Сент-Бёв оказал колоссальное воздействие на умы современников и на последующее поколение французских литераторов. На рубеже XIX—XX веков Марсель Пруст в своей книге «Против Сент-Бёва» спорил с покойным критиком, как с актуальным автором. Его высоко оценивал Пушкин, посвятивший сборникам стихов Сент-Бёва целую статью (которая, впрочем, показывает, что наш поэт был плохим судьёй во французской словесности). Русским эквивалентом Сент-Бёва можно считать Виссариона Белинского — не по направленности писаний, но по месту в общественной и литературной жизни своего времени.
Итак, в 1827 году сошлись два человека, каждый из которых был первым в своей сфере. Гюго властвовал в поэзии и прозе. Сент-Бёв — в критике. Он был начитан, очень эрудирован, обладал тонким умом, но собственно творческих сил не имел. Талантливый критик и литературовед, Сент-Бёв пытался писать стихи (например, первый и самый известный его сборник «Жизнь, стихи и мысли Жозефа Делорма») и романы («Сладострастие»), но не смог войти с ними в историю французской литературы. Сознание собственной творческой беспомощности порождало в отношении Гюго — человека беспредельной созидательной мощи — острое чувство зависти, пусть даже и неосознаваемой. Как писал Гюго в старости, «Сент-Бёв не был поэтом и никогда не мог мне этого простить». Но это проявилось позже. Первые три года знакомства казались полными самого искреннего взаимного расположения.
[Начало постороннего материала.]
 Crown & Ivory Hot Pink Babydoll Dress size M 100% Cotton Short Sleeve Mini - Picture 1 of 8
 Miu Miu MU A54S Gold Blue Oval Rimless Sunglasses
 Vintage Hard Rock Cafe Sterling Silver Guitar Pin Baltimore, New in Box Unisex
Если обратиться к сборникам стихов Сент-Бёва того времени, то многие из них обращены к Гюго, которым он напоказ восхищается. В свою очередь поэт всегда любезно принимал критика у себя дома, и его эрудиция (особенно в области французской поэзии XVI века — Ронсара и его коллег по «Плеяде», которых к тому времени давным-давно забыли) немало помогла Гюго, искавшему тогда новых путей в литературе. Сент-Бёв стал своим в семье поэта, проводя немало времени в обществе Адели. Это обстоятельство сыграло роковую роль и в отношениях двух друзей, и в семейной жизни четы Гюго.
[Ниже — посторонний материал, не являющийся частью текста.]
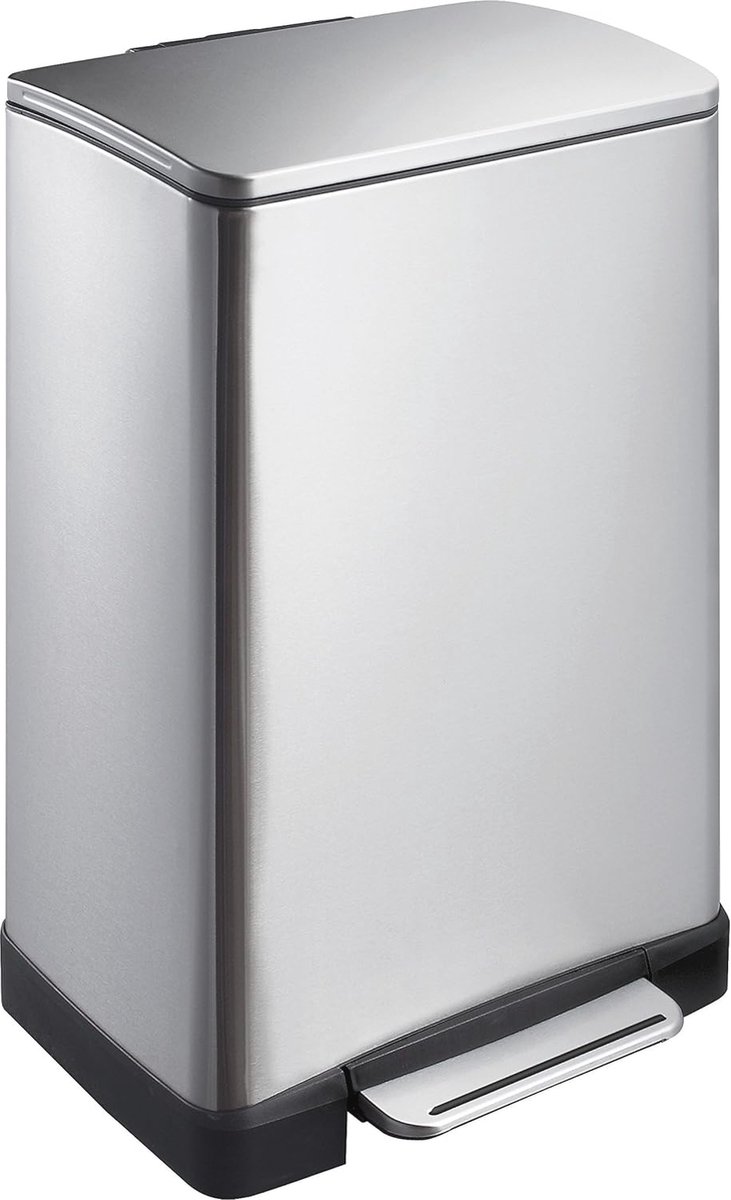 Goedkoopste Pedaalemmer 40L roestvrij staal met dempersysteem en vingerafdrukvrij
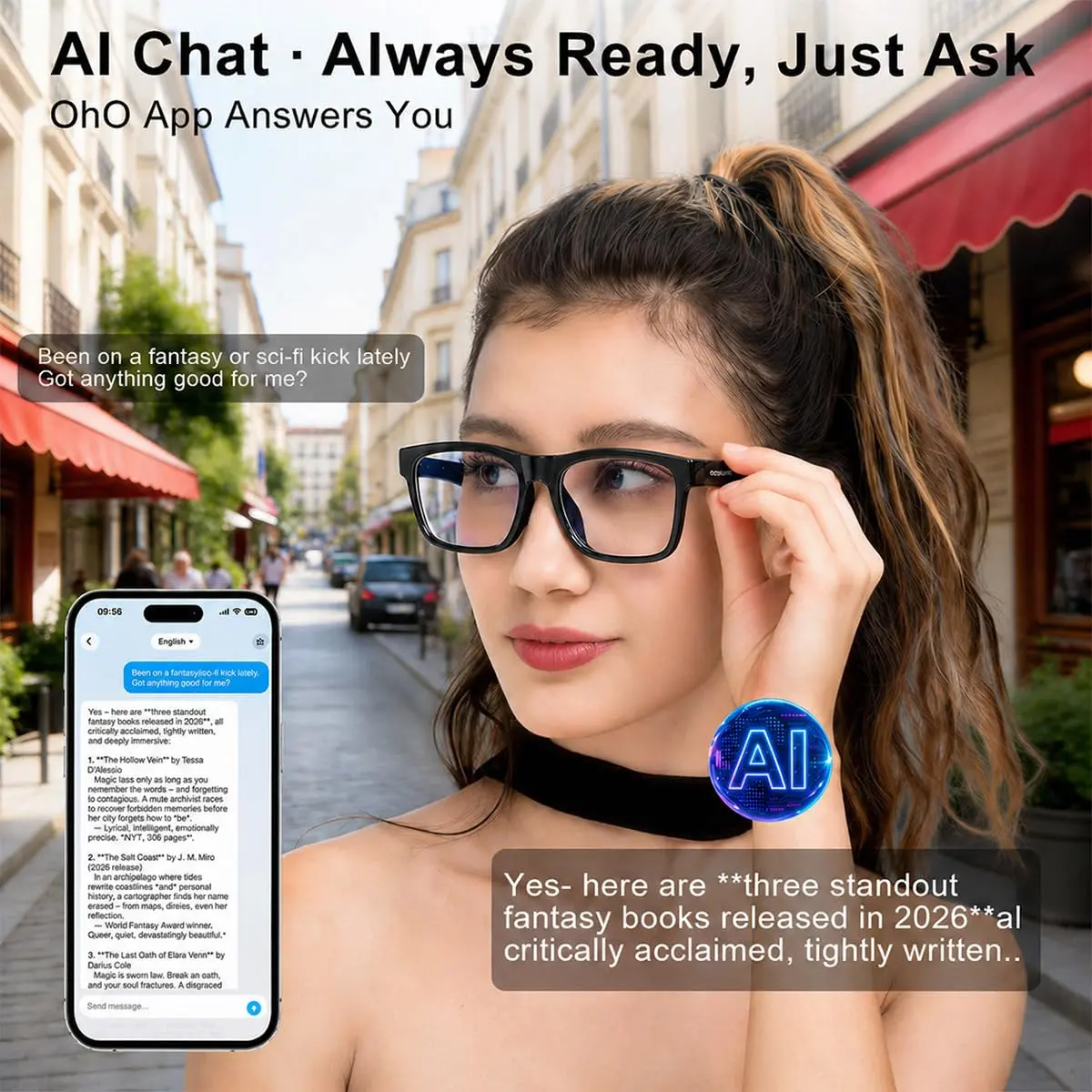 OhO sunshine Smart Glasses Photochromic Bluetooth Sunglasses | AI Real-Time Translation & Open-Ear Audio (36g, Shiny Black) - view 3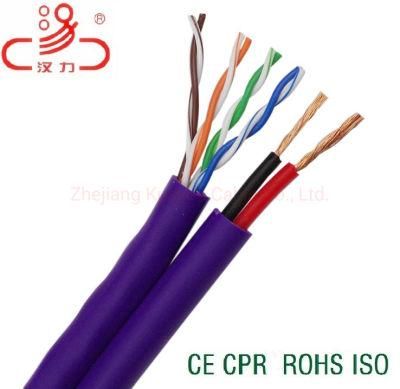 LAN Cable Cat5e+2c Power Cable +1c Steel Wire Cat5e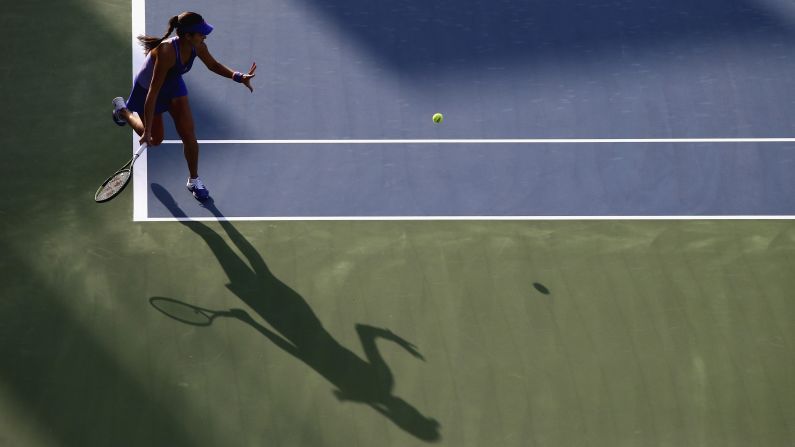 Ana Ivanovic gets set to hit a forehand on Wednesday, February 18, during a match against Karolina Pliskova in Dubai, United Arab Emirates.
Адель, чей муж столько времени уделял творчеству, постоянно беременная, заскучала, чем и не преминул воспользоваться коварный друг, оказавшийся соперником. Почувствовав к себе внимание Адели, которую он привлекал и своим умом, и сопереживанием, Сент-Бёв решил убить сразу двух зайцев — и отомстить Гюго за его превосходство, и повысить собственную самооценку победой не просто над замужней дамой, но женой уже тогда прославленного человека. Внешне он был невзрачен, но тем сильнее ощущал от достигнутого чувство собственного удовлетворения.
Надо отметить, что роман Адели и Сент-Бёва (а он длился с 1830 по 1832 год) «закончен», скорее всего, не был. Критик страдал редкой формой уродства гениталий, которая вряд ли делала возможным коитус. Он удовольствовался духовной победой — готовностью жены старшего товарища отдаться ему, её откровенностью, жалобами на безразличие мужа, свиданиями наедине.
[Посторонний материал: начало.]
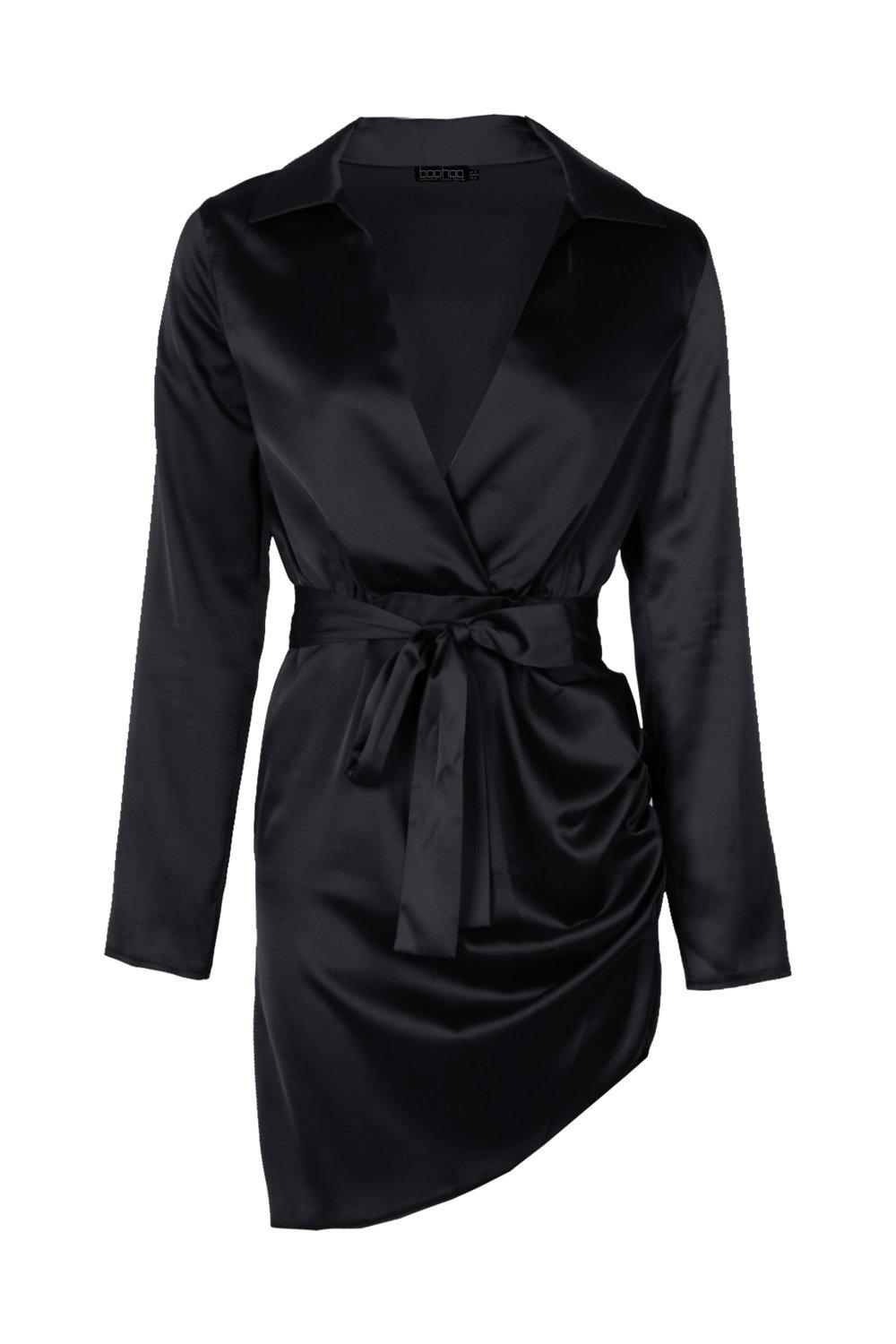 boohoo satin black dress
Предательство жены и друга уязвило Гюго, но он воспринял его скорее философски. Какой-то открытой ссоры, выяснения отношений с соблазнителем не было. Гюго до последнего старался сохранить с критиком приятельские отношения. С Сент-Бёвом их пути разошлись, между бывшими друзьями имелось всё меньше общего, слишком уж разными людьми они были. Сент-Бёв в итоге стал академиком и сенатором при Наполеоне III. Сегодня его уже вспоминают редко, и чаще в связи с Гюго. Его стихи и романы забыты — время вынесло свой приговор. От Адели Виктор отдалился, и ни о какой близости с ней отныне не могло быть и речи. Но поэт страдал недолго — впереди его ждала большая любовь.
После измены жены — не важно, как далеко зашли её отношения с Сент-Бёвом, Гюго чувствовал себя одновременно свободным и несчастным. То, что произошло с ним дальше, было типично для молодых людей, одарённых воображением, но рано женившихся и «не нагулявшихся». Поэт был рождён для любви. Не будучи красавцем, Гюго притягивал женщин своей известностью, славой, влиятельностью, но, главное, остроумием, обхождением, ярко выраженным талантом. Гюго излучал гениальность, влекущую прекрасный пол, как яркий свет притягивает ночных бабочек. Он умел вознести женщину на пьедестал, дать ей почувствовать её значимость для него. Сам поэт обладал огромным эротическим потенциалом и явственно ощущал непреодолимое желание женщины. Адель более не могла оставаться для него единственной и неповторимой. Юношеские обеты и чувства казались теперь смешными. Жизнь богаче и сложнее клятв и обещаний.
Следующая после «Эрнани» пьеса (не считая «Марион Делорм») была поставлена почти через три года, в ноябре 1832-го. «Король забавляется» переносит зрителя в начало XVI века, ко двору одного из самых обаятельных королей Франции — Франциска I. Впрочем, у Гюго он выведен вовсе не как рыцарь и галантный кавалер. В пьесе монарх соблазняет Бланш — дочь придворного шута Трибуле. Сюжет драмы перекликается с «Собором»: Трибуле — Квазимодо, любовь к гротеску и необычному, даже уродливому. Во временном плане действие пьесы затрагивает тот же период, что и «Эрнани», а от «Собора» её отдаляет около сорока лет. Эпоха Возрождения приковывает внимание Гюго. С Ренессансом связаны и следующие пьесы Гюго — «Лукреция Борджиа», «Мария Тюдор» и «Анджело, тиран Падуанский». Это не только время бурных ренессансных страстей, но и перехода от аскезы Средневековья к жизнеутверждающим тенденциям Нового времени.